= Beginning of Section =

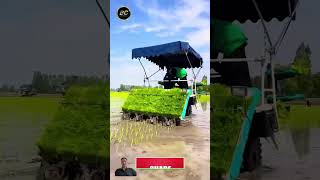 Efficient Rice Cultivation Machine in Action shotrs agrimachines automobile farming [upl. by Essilrahc]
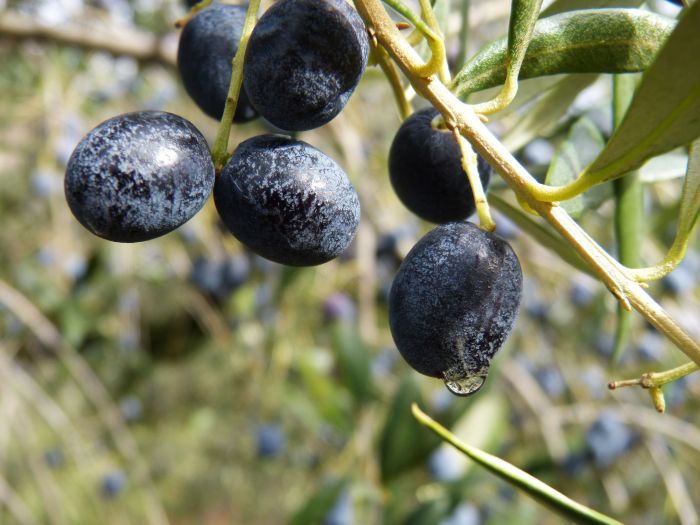 Types of olive trees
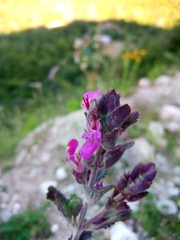 Teucrium chamaedrys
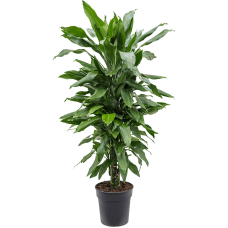 Dracaena fragrans 'Janet Lind'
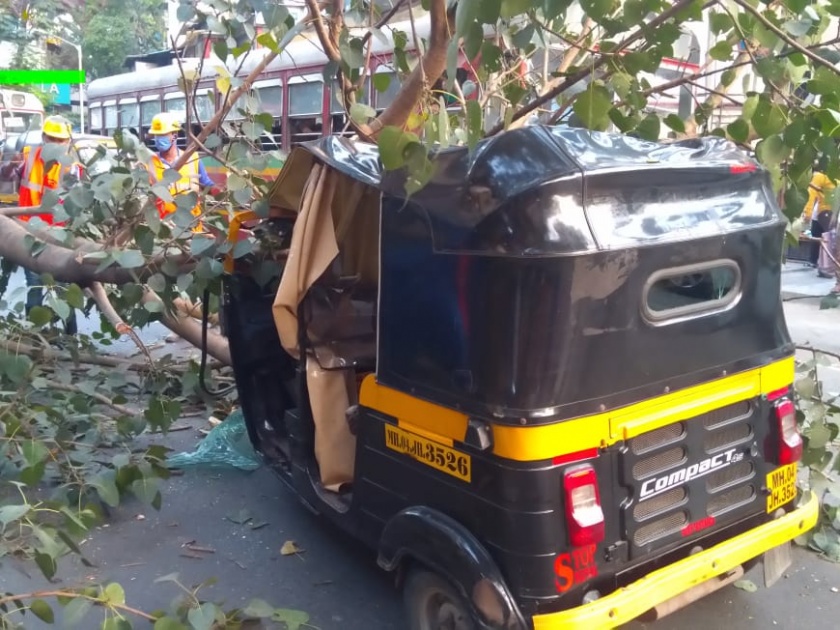 Shocking! A couple was injured when a tree branch fell on them in Thane | धक्कादायक! ठाण्यात झाडाची फांदी पडून दांम्पत्यासह चौघे जखमी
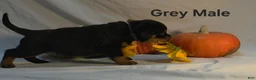 Rottweiler dogs for sale: Grey - Ad 15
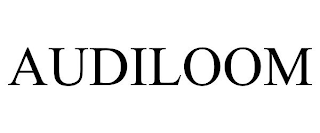 AUDILOOM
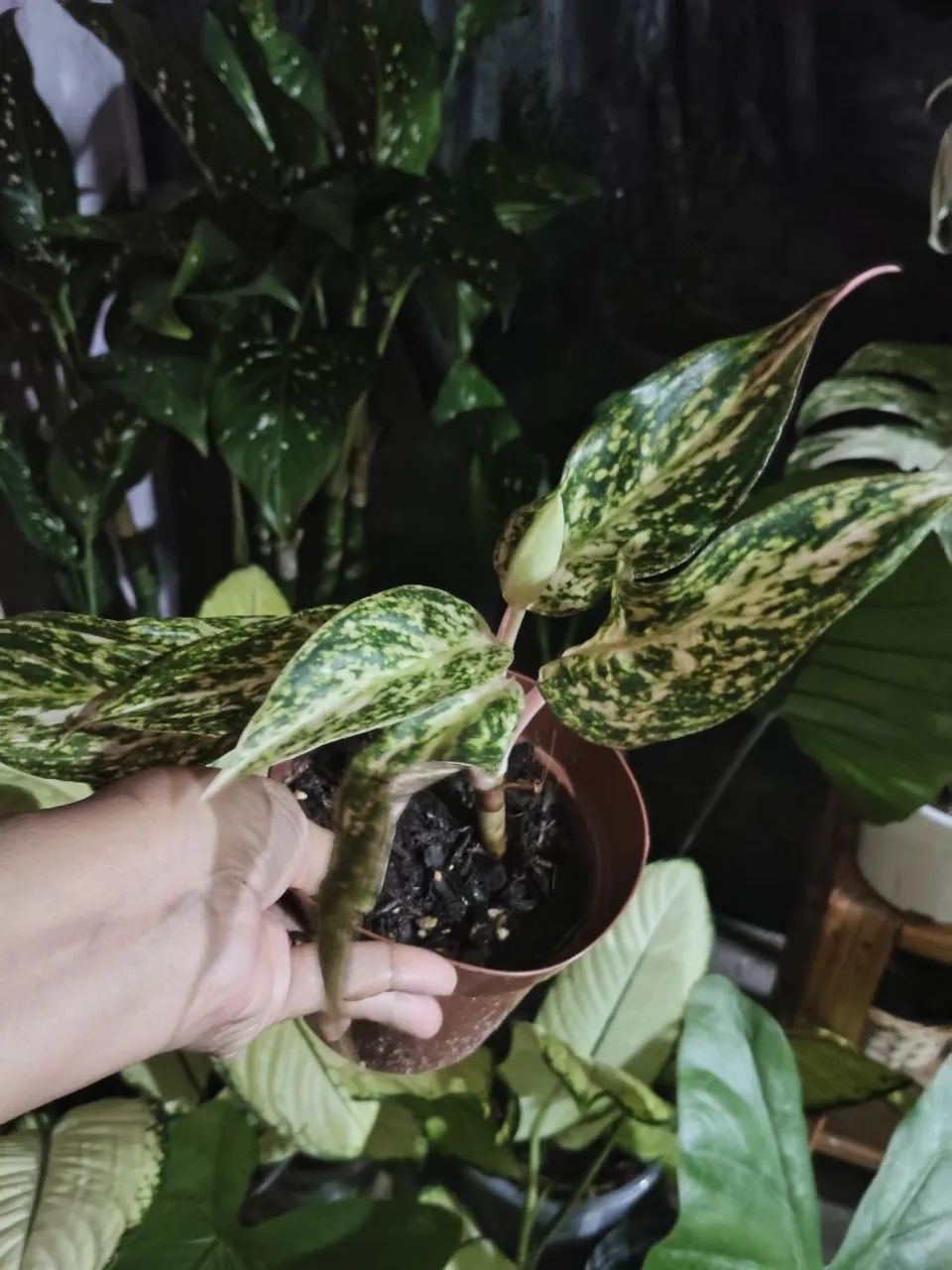 Vendo aglaonema  - Foto 2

= End of Section =

** Problem details **
Return exactly the lines from the one with "Types of olive trees" through the last line of the entries above, both ends included. No pictures may appear in the copy.

** Solution to this problem **
 Types of olive trees
 Teucrium chamaedrys
 Dracaena fragrans 'Janet Lind'
 Shocking! A couple was injured when a tree branch fell on them in Thane | धक्कादायक! ठाण्यात झाडाची फांदी पडून दांम्पत्यासह चौघे जखमी
 Rottweiler dogs for sale: Grey - Ad 15
 AUDILOOM
 Vendo aglaonema  - Foto 2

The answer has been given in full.